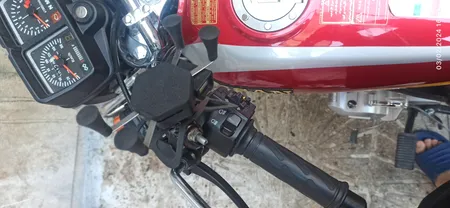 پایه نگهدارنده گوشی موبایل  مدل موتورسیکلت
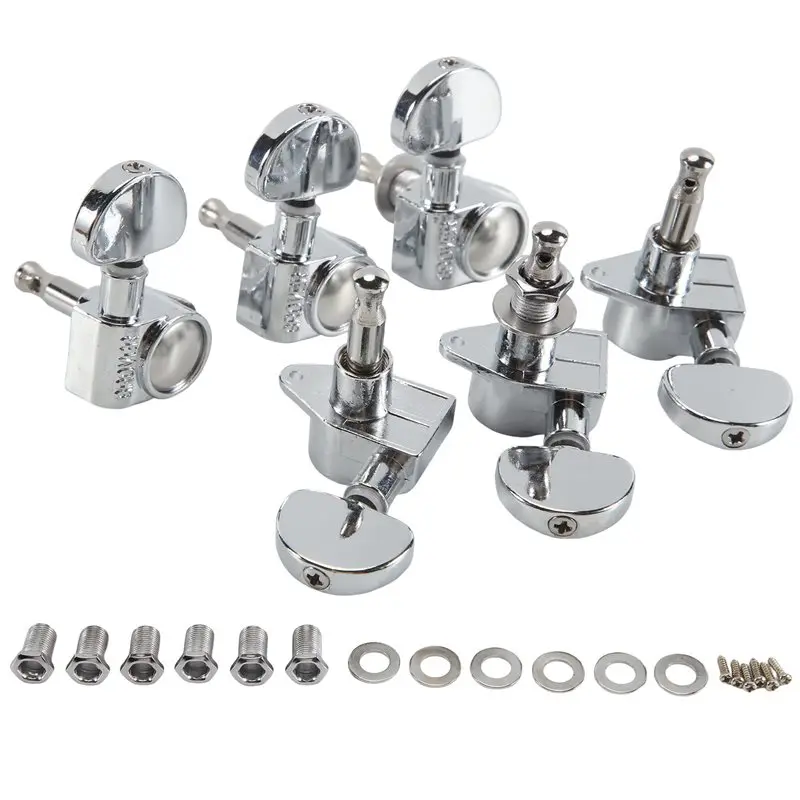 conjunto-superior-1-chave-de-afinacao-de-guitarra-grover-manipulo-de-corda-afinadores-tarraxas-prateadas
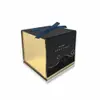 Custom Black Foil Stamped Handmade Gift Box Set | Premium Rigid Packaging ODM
- - - - -
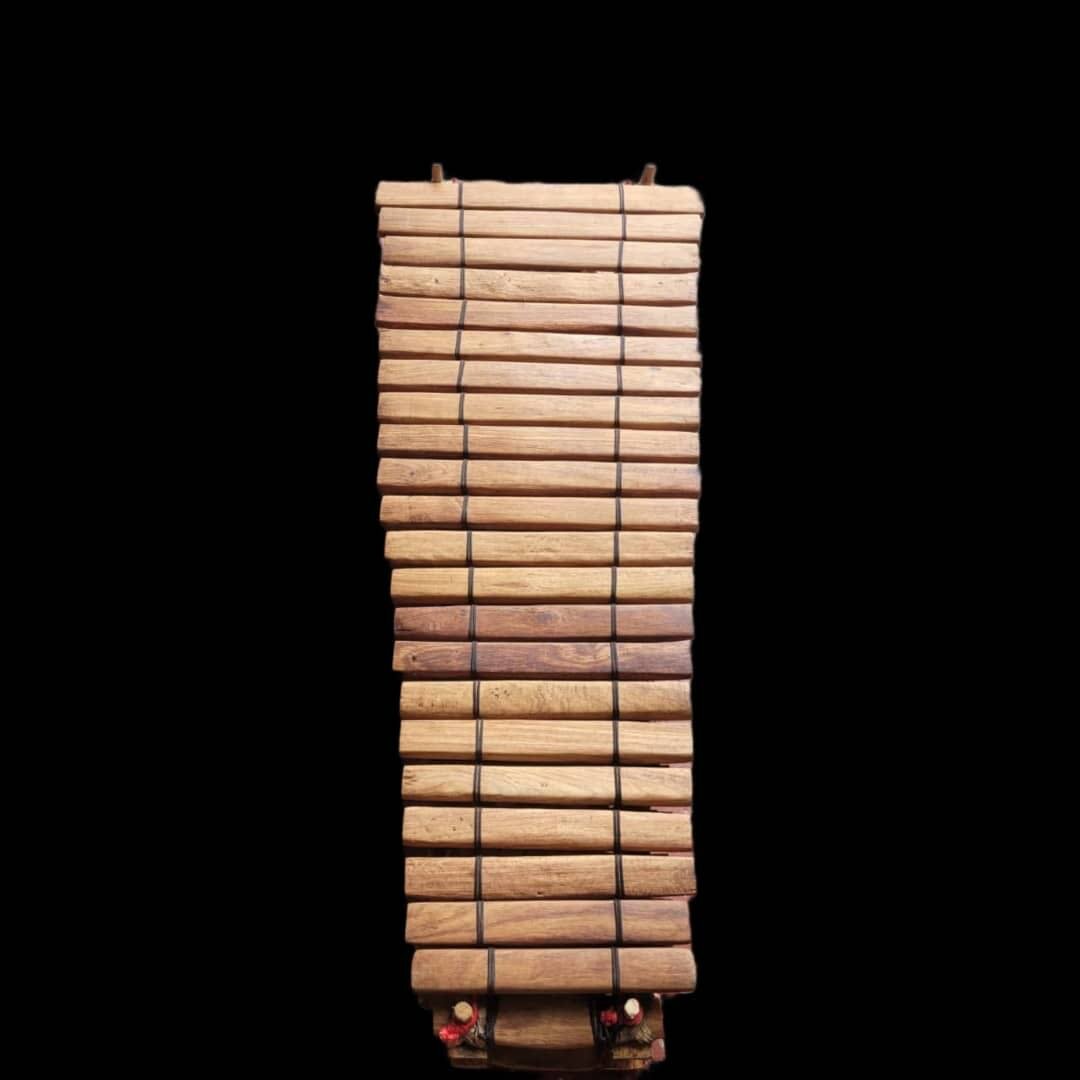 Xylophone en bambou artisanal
- - - - -
Using the records above, print exactly the run of lines that starts with the line with "پایه نگهدارنده گوشی موبایل  مدل موتورسیکلت" and goes on through the line with "Custom Black Foil", pictures excluded.

Result of this task —
 پایه نگهدارنده گوشی موبایل  مدل موتورسیکلت
 conjunto-superior-1-chave-de-afinacao-de-guitarra-grover-manipulo-de-corda-afinadores-tarraxas-prateadas
 Custom Black Foil Stamped Handmade Gift Box Set | Premium Rigid Packaging ODM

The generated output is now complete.